One of the cases which affects my daily experience is a constant need to manually prepend IPv4 addresses for ssh as direct attempt to use ssh with IPv4 literal address fails:
ssh: connect to host 18.104.22.168 port 22: Network is unreachable
Instead I have to append my IPv6 NAT64 prefix all the time:
Luckily for us Linux provides exceptionally easy way to intercept some specific library functions using simple dynamically linked library: LD_PRELOAD
When app needs to connect to the network it uses Linux system functions such as socket(), connect(), getpeername(), getsockname() and by overriding them with functions which explicitly transform all IPv4 connection attempts to connections to special IPv6 address crafted using NAT64 prefix. Which this approach in hands we can automatically add IPv6 support for such apps without.

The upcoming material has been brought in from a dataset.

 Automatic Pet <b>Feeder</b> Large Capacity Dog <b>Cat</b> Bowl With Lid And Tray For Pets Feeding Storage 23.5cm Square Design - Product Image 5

That's exactly how tool called tnat64 works. You can find this tool in Debian or Ubuntu official repositories and installation is as easy as follow:
sudo apt install -y tnat64
This tools provides single dynamic library available on following path: /usr/lib/tnat64/libtnat64.so.
To enable it for specific session in Terminal we need to run following commands:
export LD_PRELOAD=/usr/lib/tnat64/libtnat64.so TNAT64_DEBUG=10 TNAT64_DEBUG_FILE=/tmp/tnat64.log
The only mandatory part here is: LD_PRELOAD, TNAT64_DEBUG and TNAT64_DEBUG_FILE just enable debugging to provide more information how this library works.
After that when you run any app in same Terminal session it will load libtnat64.so first and then all calls to network functions will be intercepted and as consequence any attempt to connect to IPv4 literal will work just fine even on machine without external IPv4 connectivity:
I would recommend using this apporach only for apps with clear IPv6 support issues. Attempts to enable this logic may lead to some issues as some apps may not like such tricks with syscalls.
To get more information about runtime activity of tnat64 you can check content of it's log file /tmp/tnat64.log:
I would like to say thank you for this awesome tool to author of it Andrej Shadura.
Just for historical perspective this tool was written around 2011.
Our current success with IPv6 deployment is a result of two decades of colossal amount of work from incredible number of very talented engineers.